We've been married for 20+ years, two teen girls. Hubby is an admitted OCD control freak, who is getting worse by the day. Last week we argued because he didn't like the front grill of a SUV I was admiring, but I said I kinda do like it. He responded as he always does... "yeah, ofcourse you WOULD like it because I don't". I can't have my own opinion without feeling bad about it. I'm by nature a happy positive thinking person. He is negative, and bitter, but only with me and te kids. Our kids are good, accomplished involved kids, but their kids. He makes them feel like they're always falling short of his approval. I've discussed this with him and now he belittles me, and then pouts about it. If things don't go HIS way, he's mad. He will occasionally concede, but he'll remind me several times that he did. He complains if the kids leave without giving him a kiss, but yet he NEVER reaches out to them. He expects everyone to come to him. 

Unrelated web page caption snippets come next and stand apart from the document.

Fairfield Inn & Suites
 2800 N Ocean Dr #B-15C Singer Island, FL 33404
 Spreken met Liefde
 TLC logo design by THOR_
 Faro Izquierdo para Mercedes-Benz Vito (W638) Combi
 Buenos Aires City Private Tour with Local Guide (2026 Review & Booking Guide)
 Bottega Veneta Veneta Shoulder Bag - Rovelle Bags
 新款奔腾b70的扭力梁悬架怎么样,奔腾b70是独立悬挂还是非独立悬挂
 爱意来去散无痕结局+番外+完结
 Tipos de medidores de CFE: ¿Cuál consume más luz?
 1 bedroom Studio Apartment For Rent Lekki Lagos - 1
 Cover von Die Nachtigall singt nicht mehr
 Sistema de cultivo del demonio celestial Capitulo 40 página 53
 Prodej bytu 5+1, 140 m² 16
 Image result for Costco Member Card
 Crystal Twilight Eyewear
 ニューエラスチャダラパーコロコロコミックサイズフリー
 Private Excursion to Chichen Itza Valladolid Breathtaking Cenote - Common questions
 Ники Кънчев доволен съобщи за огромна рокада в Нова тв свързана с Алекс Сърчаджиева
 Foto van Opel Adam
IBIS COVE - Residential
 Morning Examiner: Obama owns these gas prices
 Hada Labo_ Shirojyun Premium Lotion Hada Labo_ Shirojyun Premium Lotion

He drives down the street making angry comments about how stupidly a car is parked, how he wants to move because of all the "F-ing" kids in the CDS, He complains that the neighbors have too much furniture on their porch (they have two rockers). He complains that his brother-in-law bought the wrong truck...that he should have bought one with an extra cab. I've been hearing this one for THREE YEARS!! He complains about and to the kids daily. Can't give a compliment without it being followed by some negative comment. This is how his mother is, and for years, I used to ask him why she is always unhappy. Now it's him. He seems to be his most content when he has destroyed everyone elses mood. I can't live like this anymore. There's no laughter, no fun, I dread being home when he is, yet I miss the fun loving person he used to be. I want to talk to him about going to counseling himself, but anything I say is construde as an attack. Several months ago, we had a talk wherein he broke down, and told me that his parents fought non-stop, and he doesn't want to be like that, yet it seems like he is recreating his childhood environment, because he is comfortable there??? Please help.


----------



## dobo (Jun 30, 2009)

He needs counseling.


----------



## puzzled1 (Sep 23, 2009)

Thanks Dobo, I know. He and we need counseling, but I know he sees the problems, but equates it to my disagreeing with him. Admittedly, we do disagree alot on parenting. He is the youngest of three, by at least 5 years, the golden child of the family, and I'm one of 8, right in the middle. He believes in military style parenting, and I believe in positive encouragement. Recently, our 18yo started college, and moved out because she cannot tolerate his negativity and nitpicking all the time. Since her job is very near our house, I told him she's probably going to come home for lunch and a visit. his reply was to tell her to bring her own sack lunch, because she doesn't live here anymore, and if she's not going to do things his way, meaning live at home, and leave when HE thinks she's ready, he's not going to help her at all. We aren't. She pays her own rent, yes she uses a car of ours to get to and from work and school, but he also wanted to take that away... He is a bitter bitter bitter aweful person, who won't acknowledge it.


----------



## dobo (Jun 30, 2009)

He disagrees with everything. He's got a very negative way of interpreting everything. That can't be about you.

Ask him if he enjoys being around people who are generally in a good mood. Ask him if being around people who are positive is better than being around people who are negative. Ask him if he feels he is a positive or negative person and how other people feel being around him. 

Then ask him if he is happy.

Then ask him if he'd like to be happier.

Then ask him if he'd like the two of you to be happier.

Then ask him to consider counseling for both your happiness.


----------



## Believe (Aug 27, 2009)

I use to be very negative, not to that extreme. I never noticed how bad it was until my husband left. I have been working on myself alot. The first book I read and still feel it helped the most was "The Power of Now" by Eckhart Tolle. Here is a quote 
"Where there is anger, there is always pain underneath" 
However if he is just not ready, it won't affect him. I wish it didn't take my life to fall apart for me to realize.
Try to remember you can't change someone else, but you can influence them to make changes by the way you act towards them.


----------



## puzzled1 (Sep 23, 2009)

Thanks again for your responses. I will take your suggestions and see if he will consider. If not, I'll be flying solo.


----------